*Required work:* Copy out every record below exactly as written, but leave out any pictures.

###

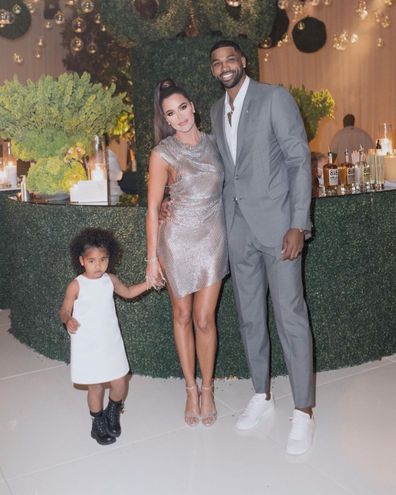 Khloé Kardashian, Tristan Thompson, daughter True, family, photo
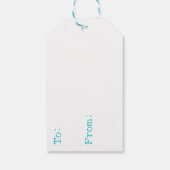 Étiquettes-cadeau Illustration de gâteau d'anniversaire Whimsical pe (Dos)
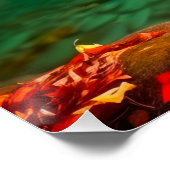 穏やかな秋の川景色 ポスター (コーナー)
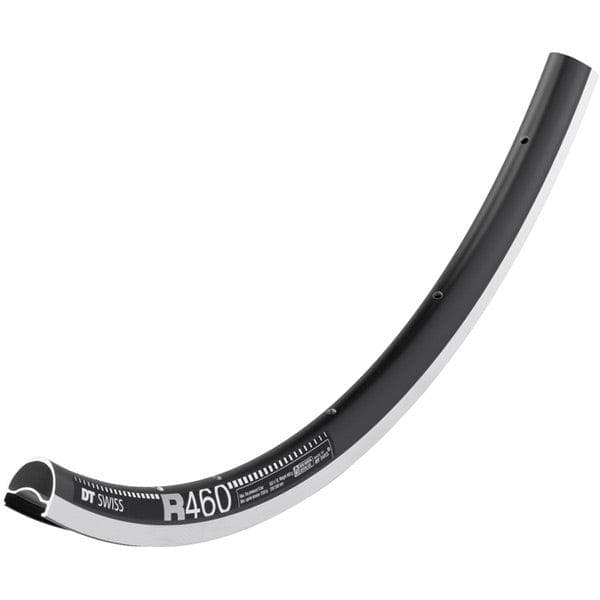 DT Swiss R 460 Sleeve-joined 24 hole Presta-drilled black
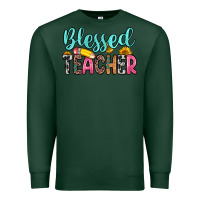 Sports Green blessed teacher Premium Sweatshirt - Zillion Design Studio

###

*Solution below:*
 Khloé Kardashian, Tristan Thompson, daughter True, family, photo
 Étiquettes-cadeau Illustration de gâteau d'anniversaire Whimsical pe (Dos)
 穏やかな秋の川景色 ポスター (コーナー)
 DT Swiss R 460 Sleeve-joined 24 hole Presta-drilled black
 Sports Green blessed teacher Premium Sweatshirt - Zillion Design Studio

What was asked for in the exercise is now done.